To oznacza, że od 11 grudnia br. może nie być nawet autobusów na tej linii. Jak dodaje KMSŻ, Urząd Marszałkowski Województwa Śląskiego nie podjął jeszcze decyzji w przedmiotowej sprawie.
Zdaniem przedstawicieli KMSŻ, sytuację można rozwiązać poprzez uruchomienie dwóch par pociągów Kraków - Żywiec oraz przedłużenia 1-2 pociągów Katowice - Żywiec do Suchej Beskidzkiej. Komitet apeluje o wysyłanie petycji w tej sprawie do władz woj. śląskiego i małopolskiego oraz władz Przewozów Regionalnych.
Z nieoficjalnych informacji, do jakich dotarł „Rynek Kolejowy” wynika, że Urząd Marszałkowski Województwa Małopolskiego faktycznie wycofał się z finansowania połączeń między Żywcem a Suchą Beskidzką. Urząd Marszałkowski Województwa Śląskiego nie zajął jeszcze stanowiska w tej sprawie.
Niedawno Przewozy Regionalne rozstrzygnęły przetargi na świadczenie usług zastępczej komunikacji autobusowej w rozkładzie 2011/2012 na trasie z Żywca do Suchej Beskidzkiej (o jego wynikach informowaliśmy tutaj).
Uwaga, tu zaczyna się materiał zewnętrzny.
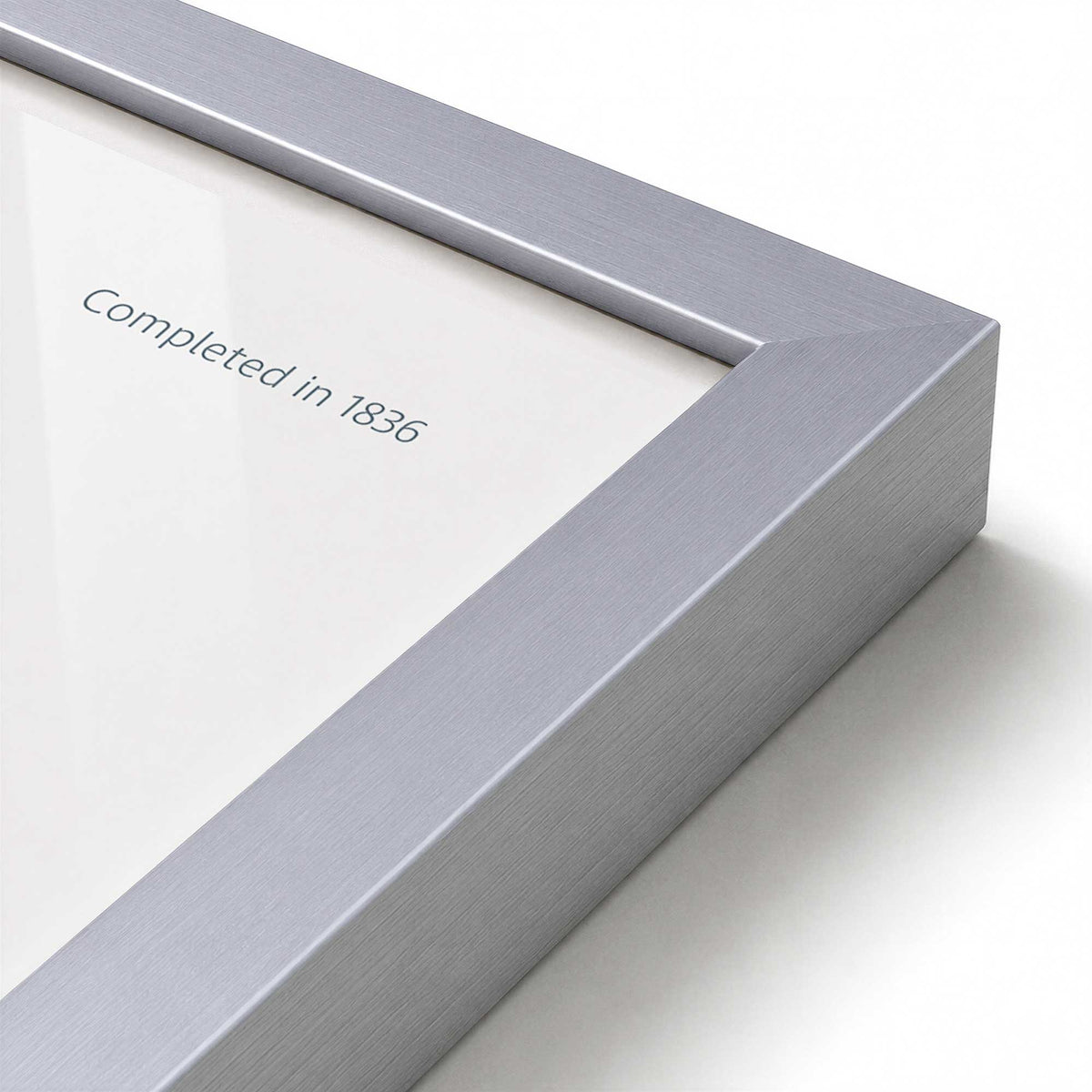 [Color:Polished Chrome], Picture of art in a Polished Chrome frame of the corner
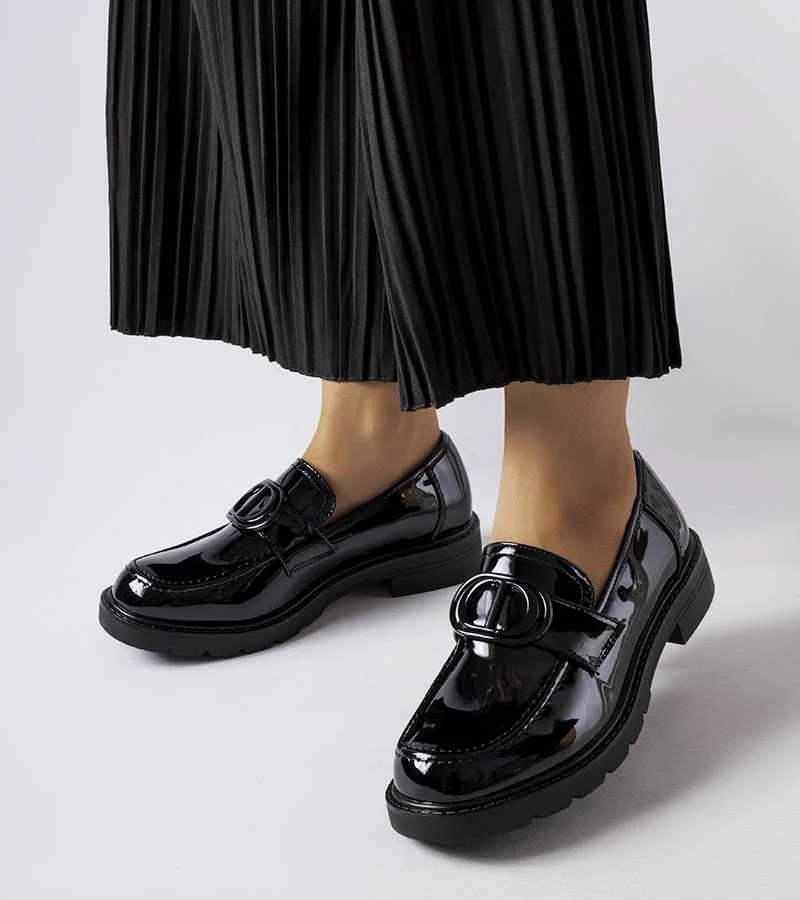 Černé lakované mokasíny Scranton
Według opublikowanego już projektu rozkładu, między Żywcem a Suchą Beskidzką miały kursować dwie pary pary połączeń z codziennym terminem kursowania (z Żywca o 7.42 i 17.59 oraz z Suchej Beskidzkiej o 6.10 i 16.15) oraz trzy z terminem kursowania ograniczonym do dni robocze od poniedziałku do piątku (Żywiec: 5.16, 15.19, 20.25; Sucha Beskidzka: 3.46, 11.22, 18.49).
Decyzja władz Małopolski o zaprzestaniu finansowania połączeń pomiędzy Żywcem a Suchą Beskidzką stoi w sprzeczności z wypowiedzią marszałka Marka Sowy dla „Dziennika Polskiego” z początku listopada. Marszałek podkreślił, że w rozkładzie 2011/2012 zostaną utrzymane wszystkie te połączenia, które funkcjonują w ramach obecnie obowiązującego rozkładu. Jednocześnie marszałek Sowa zapowiedział likwidację od rozkładu 2012/2013 wszystkich tych połączeń, w których przychód ze sprzedaży biletów pokrywa mniej, niż 25% kosztów ich uruchamiania. Jak zaznaczył marszałek, w niektórych regionach województwa pozostaną wówczas tylko busy.